”Alarm, alarm! Het melkpak moet gered worden.” “Hier is de centrale, we komen eraan!” “Wil je niet weten waar je heen moet?” “Oja. Waar moet ik heen?” Behendig klikt Kilian een snapper aan zijn broek en daalt met het touw in zijn hand de grashelling af. Zijn kleine zusje Theresa wil meehelpen. Ze mag aan het korte touw. Hand in hand glijden naar beneden waar het melkpak geduldig ligt te wachten.
Fantastisch, jezelf urenlang kunnen vermaken met wat touwen en een pak melk. Ik zit aan de picknicktafel en aanschouw het kinderspel. Hoewel ik best wel een beetje Duits spreek, is het me een raadsel wat de twee kinderen me proberen te vertellen. Het gezin bij wie een nachtje heb mogen logeren komt uit een klein dorp in Bayern. Een dialect waar je u tegen zegt. Maar ook een gastvrijheid waar je u tegen zegt.

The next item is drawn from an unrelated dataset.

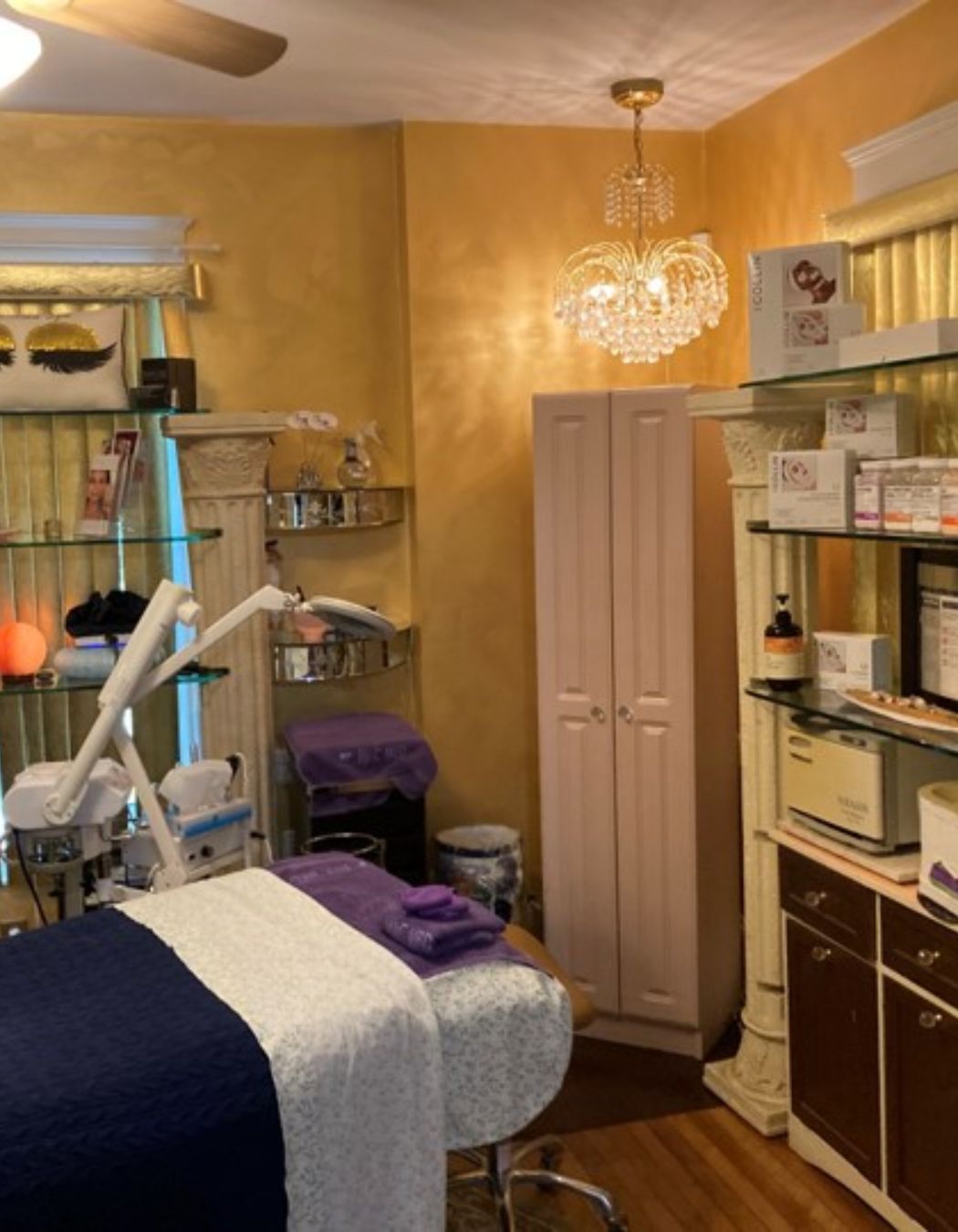 A treatment table at mac med spa for lashes and hydrafacials.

Na een lekker steil klimmetje vanuit Antholz omhoog, kwam ik ineens op een weide. Niet een weide zoals wij ze kennen, vlak met koeien een kaarsrechte watertjes ertussen, nee een weide op een berg. Glooiend, met houten hutjes. Bovenaan de weide waren twee mensen gras bij elkaar aan het schrapen. Volgens mij is dit het (weer) hooi seizoen. Overal wordt er gemaaid, geharkt en gestapeld. Regio’s hebben verschillende manieren van stapelen. In Rheinland-Pfalz werden ze opgerold, evenals in Frankrijk. Op de Balkan vlechten ze het hooi om een stok die rechtop in de grond staat en hier, in Süd Tirol, wordt het hooi in houten hutjes bewaard.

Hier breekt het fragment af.